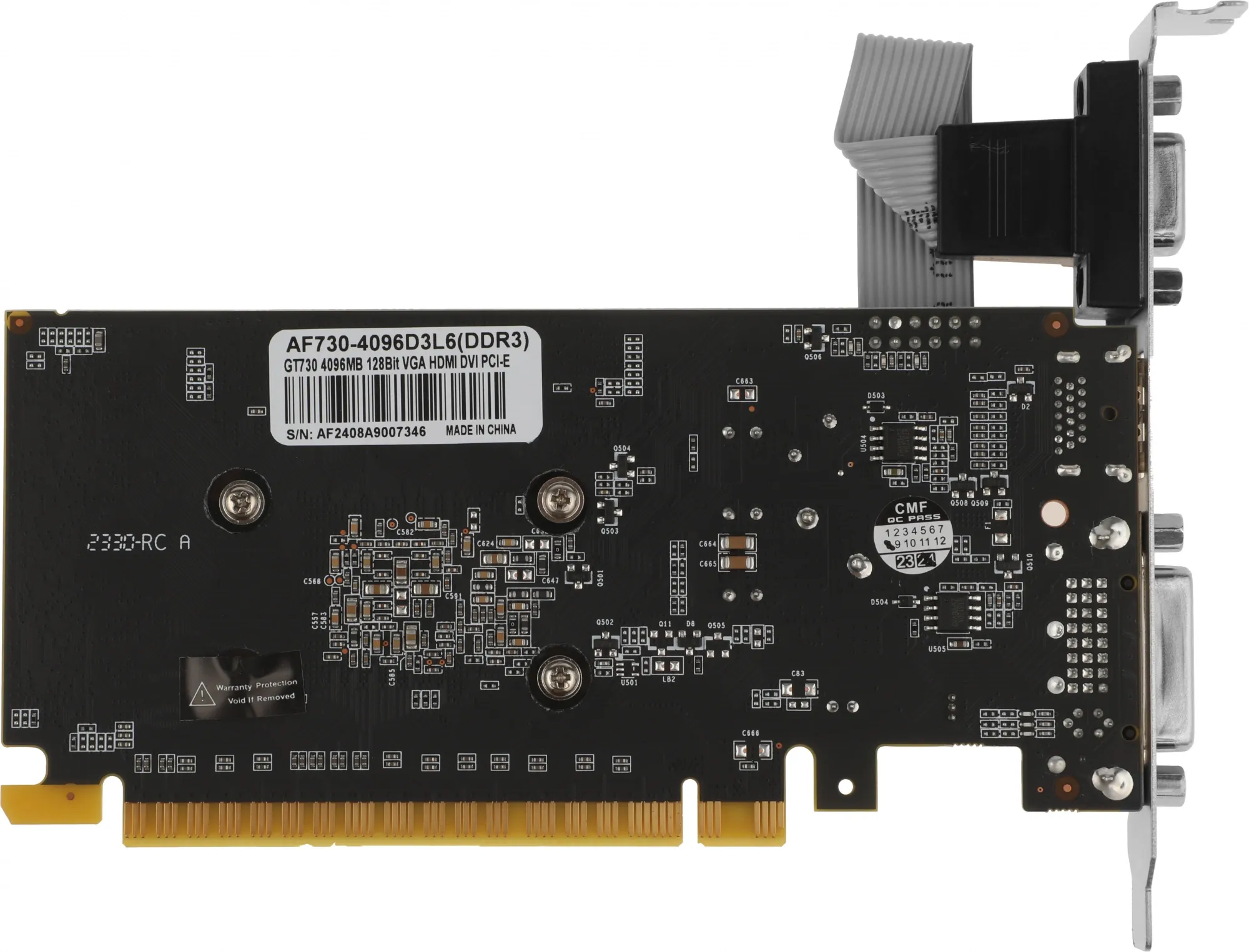 Видеокарта Afox PCI-E AF730-4096D3L6 NVIDIA GeForce GT 730 4Gb 128bit GDDR3 700/1333 DVIx1 HDMIx1 CRTx1 HDCP Ret low profile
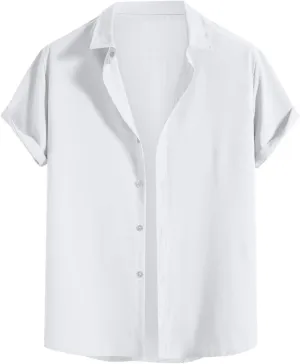 Muscularfit Wrinkle Free Dress Shirts for Men 2023 Casual Stylish Short Sleeve Summer Top Fashion Cotton Linen Button Shirt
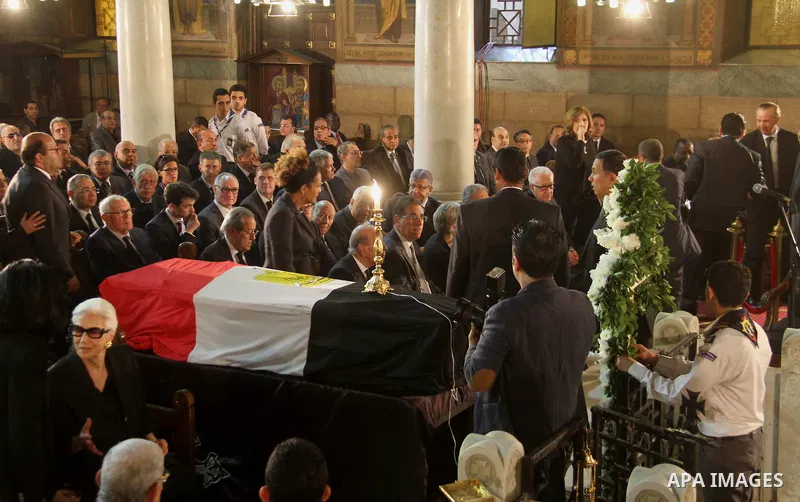 Mourners attend the funeral of former UN secretary-general Boutros Boutros-Ghali at the St Peter and St Paul Orthodox church that was built by his family in Cairo's Abbasiya district, on February 18, 2016. Egypt's politi...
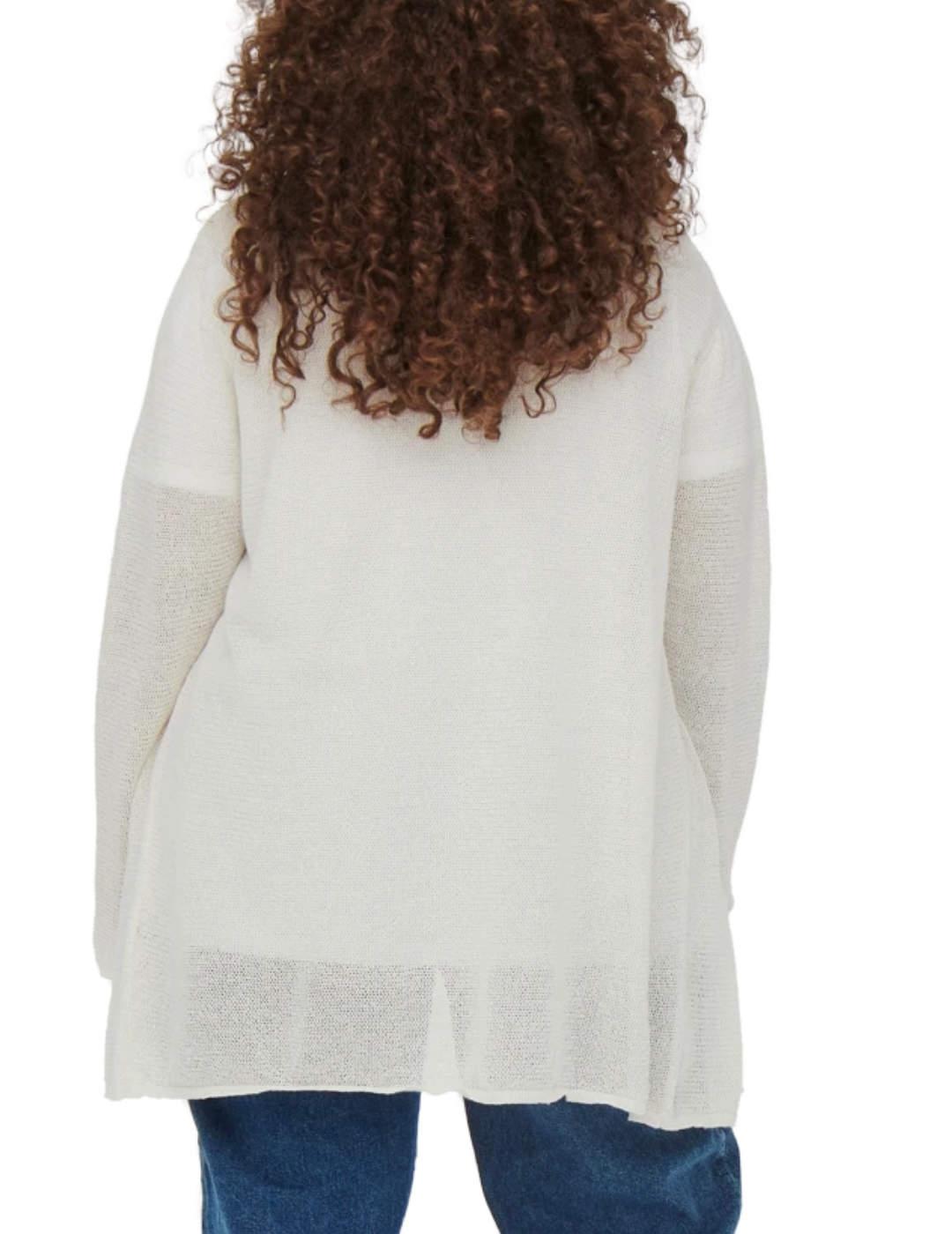 Cardigan Only Carmakoma beige fino para mujer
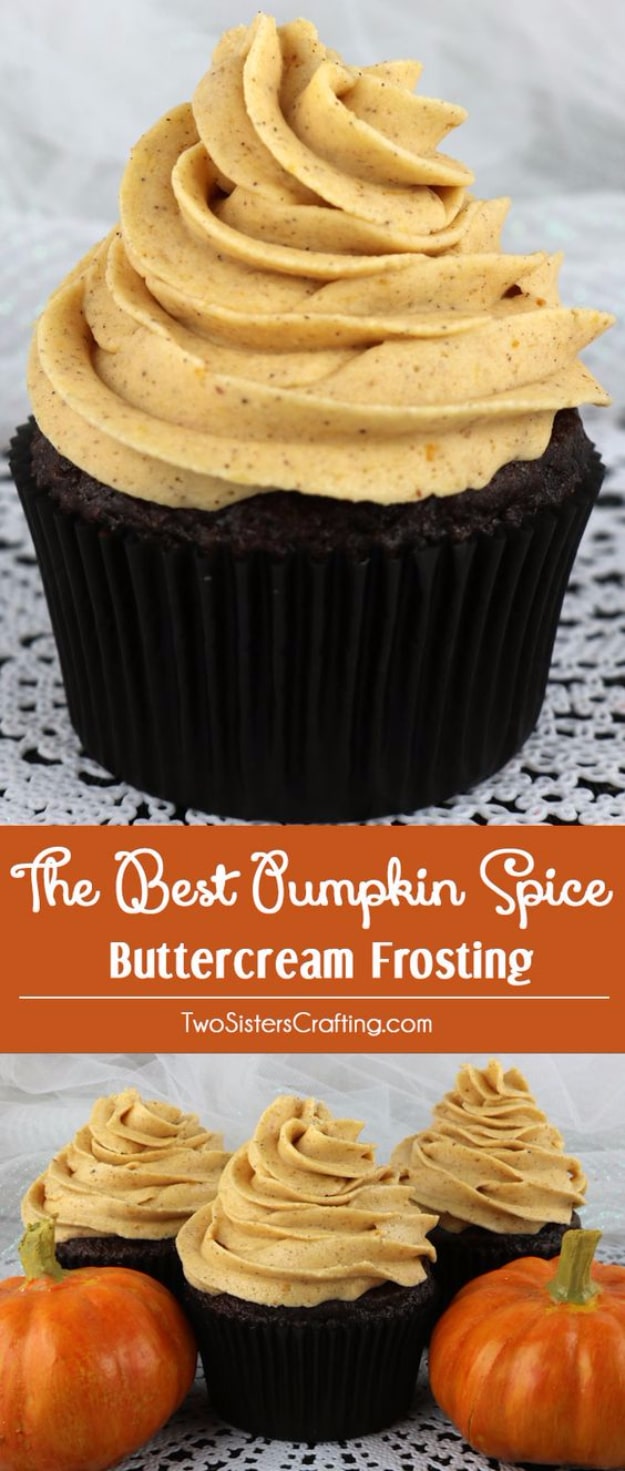 35 Fall Recipes - Best Pumpkin Spice Buttercream Frosting - Best Quick And Easy Fall Recipe Ideas and Healthy Dishes You Can Make For Dinner, Soup, Appetizers, Crockpot and Slow Cooker Snacks and Drinks, Even Dessert 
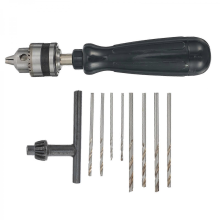 Premium Manual Drill Tool for DIY Woodworking and Engraving Black ABS Rubber Easy Grip 1 SetBlack18.5X3.4X0.5CM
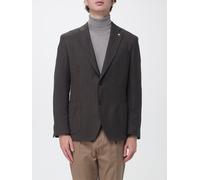 MANUEL RITZ Blazer monopetto in poliestere stretch con tasche a toppa 58 Marrone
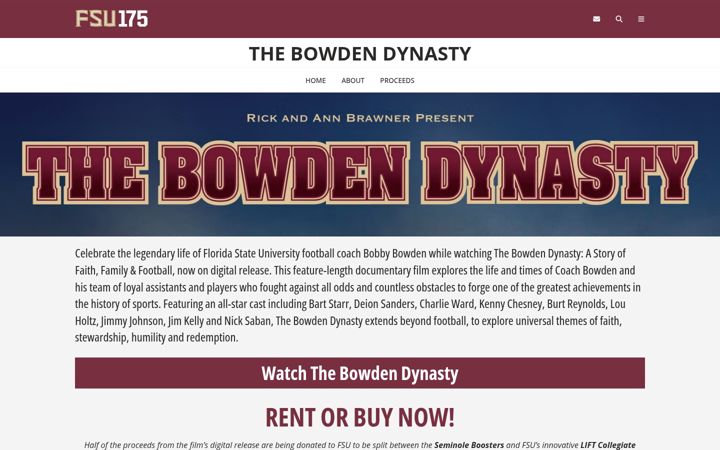 Screenshot of bowdendynasty.fsu.edu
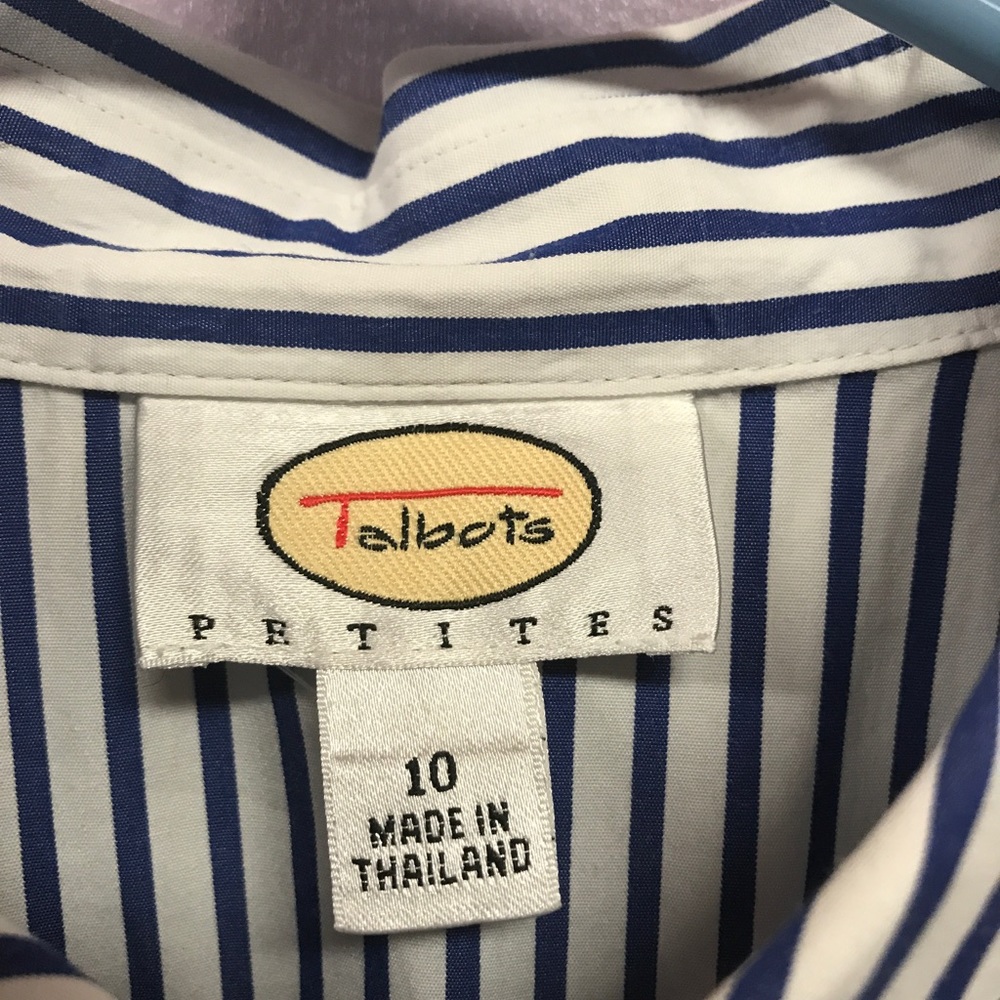 Talbots tailored blue/white striped blouse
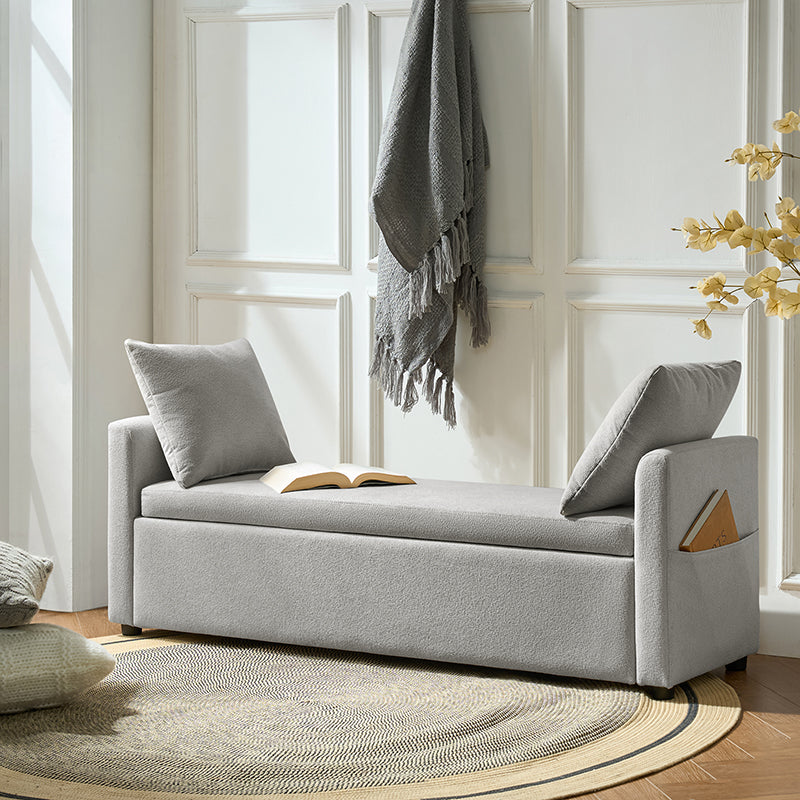 Gloria Functional Storage Bench with 2 Pillows - Entryway Seating, Shoe Storage & Living Room Decor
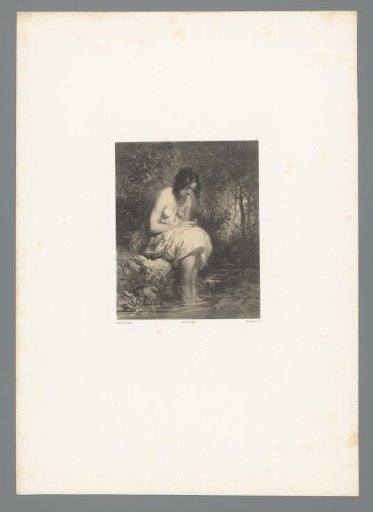 Half-undressed woman bathing her foot at the waterfront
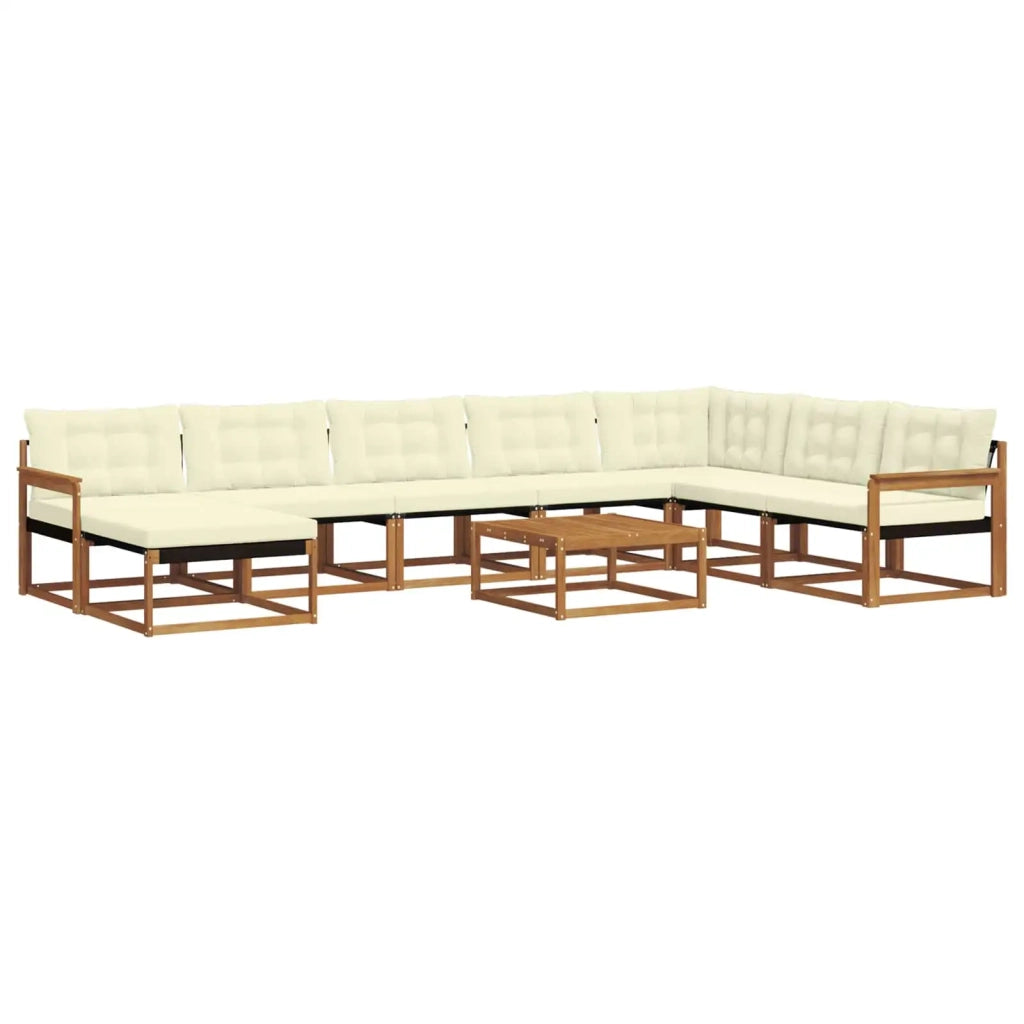 Set di divani da esterno con cuscino 9 pcs Naturale e Crema 3369761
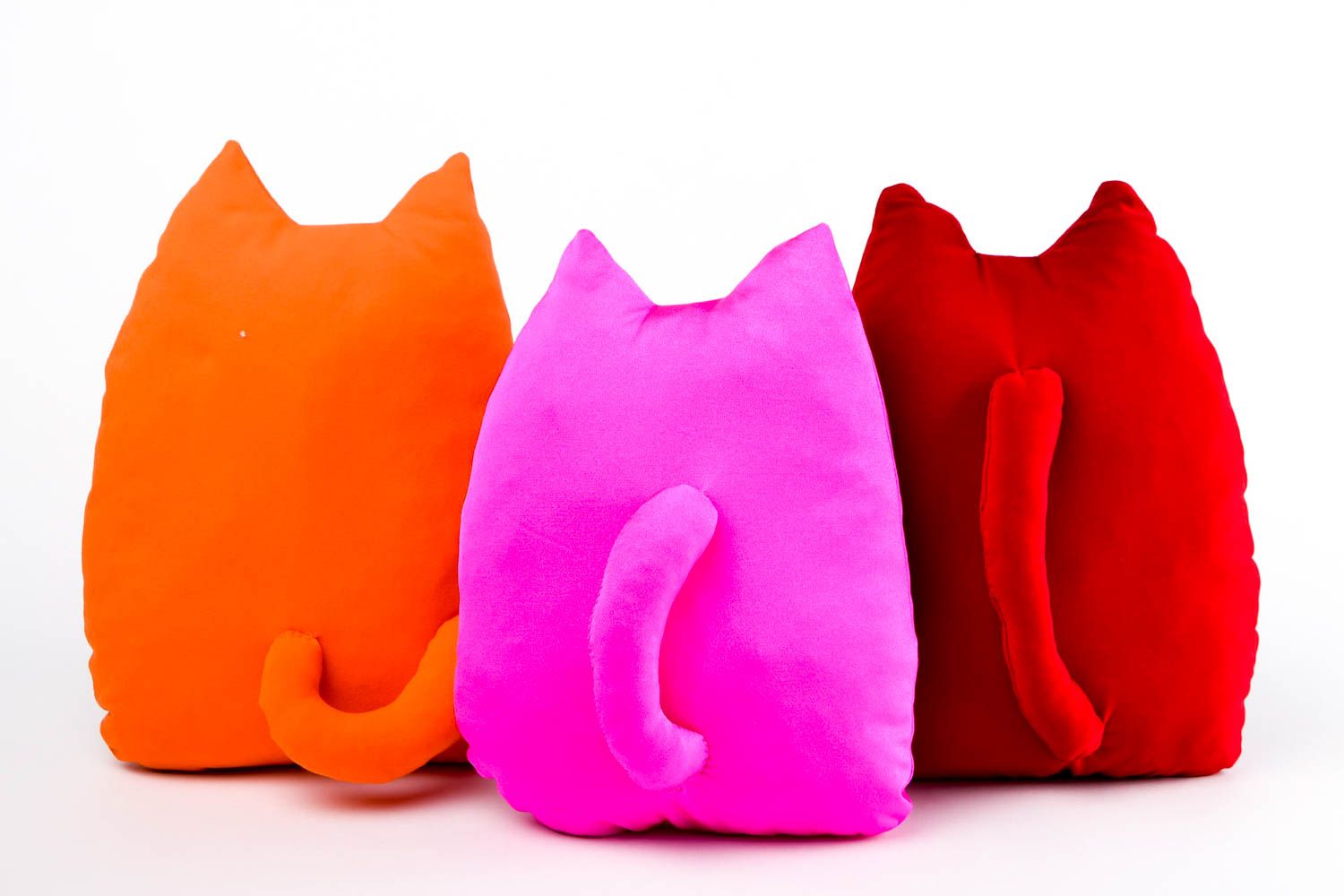 Peluches chats Jouets faits main 3 pièces rouge orange rose Cadeau pour enfant photo 5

════════════════════

The line containing "MANUEL RITZ Blazer" and every line after it, up to the last line of the data, should be returned exactly, without the pictures.

- _Answer to this exercise_:
 MANUEL RITZ Blazer monopetto in poliestere stretch con tasche a toppa 58 Marrone
 Screenshot of bowdendynasty.fsu.edu
 Talbots tailored blue/white striped blouse
 Gloria Functional Storage Bench with 2 Pillows - Entryway Seating, Shoe Storage & Living Room Decor
 Half-undressed woman bathing her foot at the waterfront
 Set di divani da esterno con cuscino 9 pcs Naturale e Crema 3369761
 Peluches chats Jouets faits main 3 pièces rouge orange rose Cadeau pour enfant photo 5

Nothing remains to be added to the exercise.